Em vez disso, publicou queixas online sobre o Canadá e os esforços para impedi-lo de construir um amplo salão de baile na Casa Branca, classificando uma ação judicial para bloquear a sua construção como “devastadora para a Casa Branca, para o nosso país e para todos os envolvidos”.

Ele também postou mensagens elogiando as tropas do Reino Unido depois que seus comentários sobre elas no início da semana foram amplamente interpretados como um insulto grave e elogiando os convidados que apareceram no canal Fox News.

Quando ele finalmente opinou novamente no domingo à noite, à medida que as críticas cresciam, Trump não se curvou.

Ele pediu a Walz e Frey, também democrata, que entregassem para deportação qualquer pessoa ilegalmente detida em prisões estaduais ou locais, bem como qualquer pessoa que tenha um mandado de prisão emitido ou antecedentes criminais.

Em seus comentários ao The Wall Street Journal, Trump criticou Pretti por portar uma arma.
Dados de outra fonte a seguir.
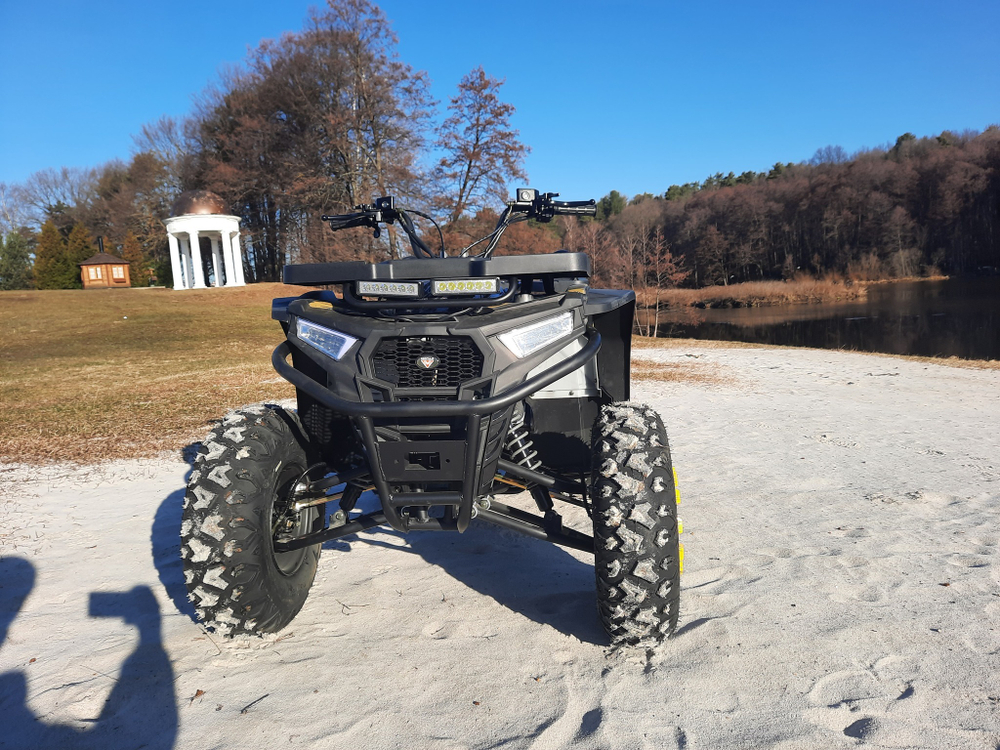 Квадроцикл бензиновый MOTAX GRIZLIK W200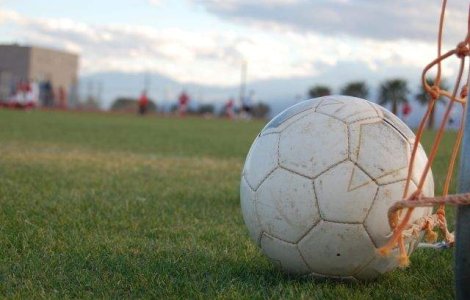 Romania se mentine pe locul 12 in clasamentul FIFA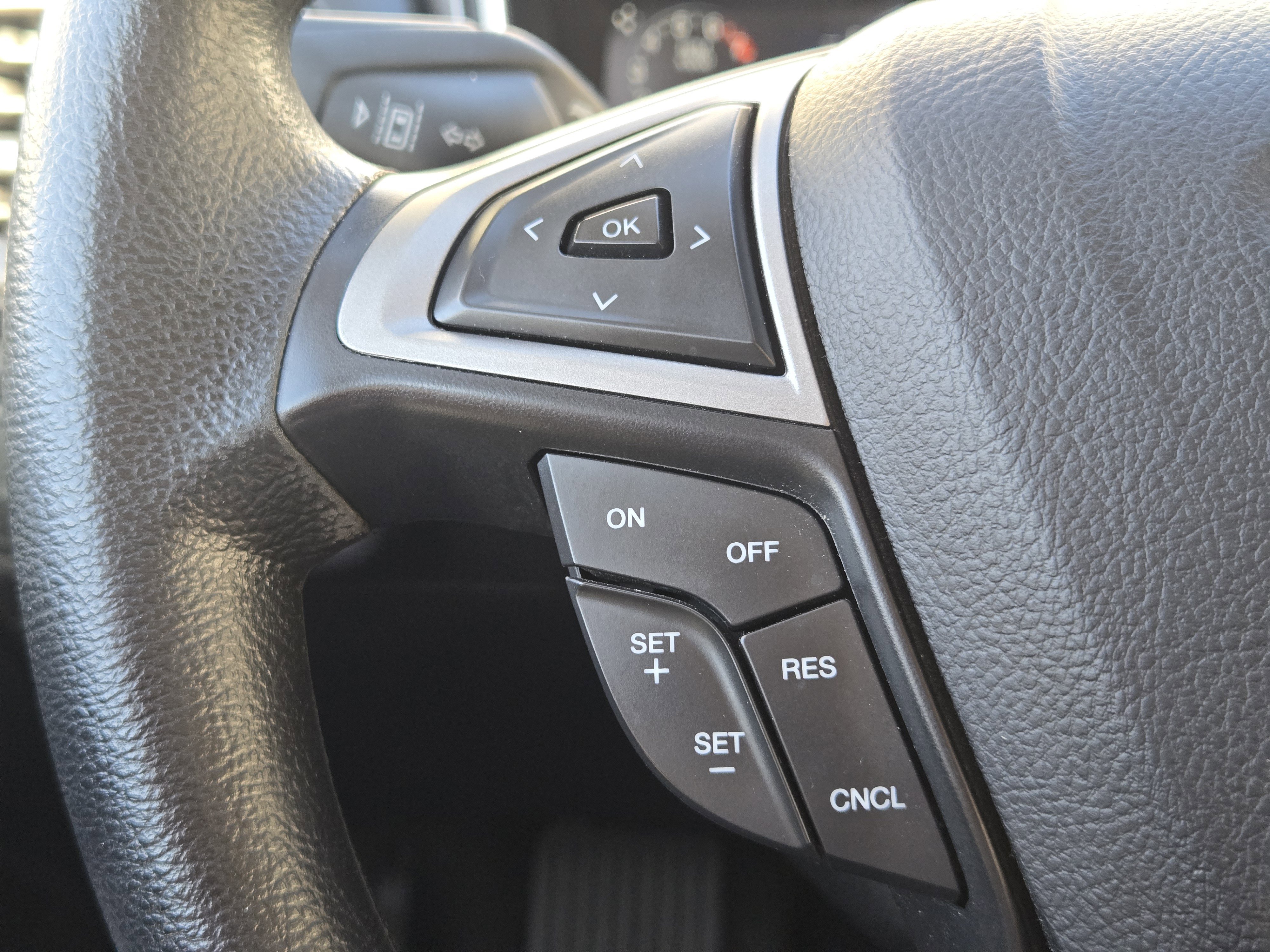 Used 2020 Ford Fusion SE image 30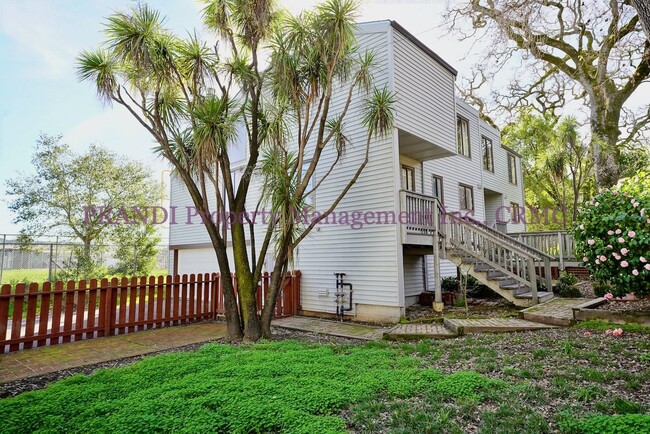 Building Photo - Charming Duplex on Quiet Street with Moder...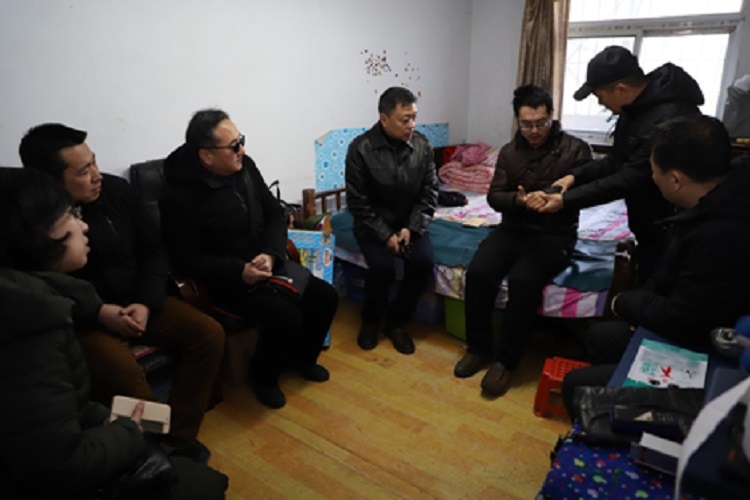 资产经营管理公司春节前慰问困难职工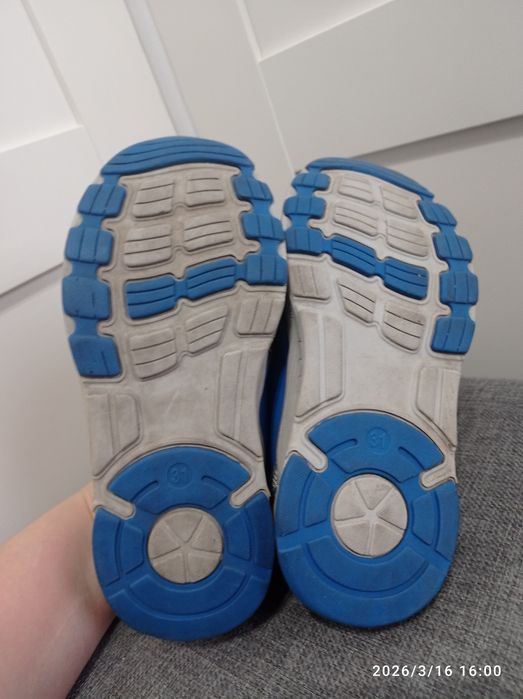 Buty 31 sportowe na rzepy chłopięce wiosenne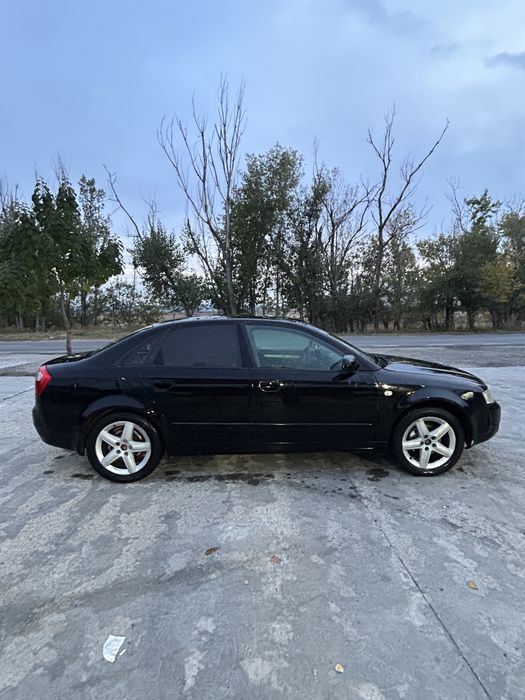 AUDI A4 2002 — imagine 2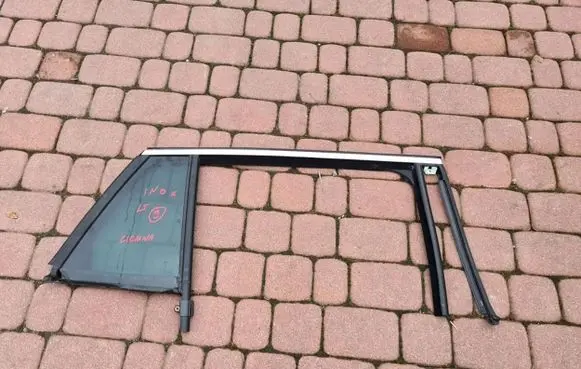 Opel Insignia B Sliding door window/glass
“Não gosto de nenhum tiroteio. Não gosto disso”, disse Trump. “Mas não gosto quando alguém entra em um protesto e tem uma arma muito poderosa e totalmente carregada, com dois pentes carregados de balas também. Isso também não funciona bem.”

Ele disse que os policiais de imigração deixarão Minneapolis “em algum momento”, mas não ofereceu um prazo.

Enquanto isso, membros de sua administração foram rápidos em dizer que o tiroteio, o segundo assassinato de um cidadão americano em Minneapolis por agentes da imigração nas últimas semanas, foi um caso de um homem armado provocando violência.

O vice-chefe de gabinete da Casa Branca, Stephen Miller, disse numa publicação nas redes sociais, sem oferecer qualquer prova, que Pretti era “um assassino” que “tentou assassinar agentes federais”.

O vice-presidente JD Vance compartilhou a postagem de Miller. Ele emitiu outros culpando as autoridades locais e descrevendo o que estava acontecendo em Minneapolis como “caos planejado” que era “a consequência direta de agitadores de extrema esquerda, trabalhando com as autoridades locais”.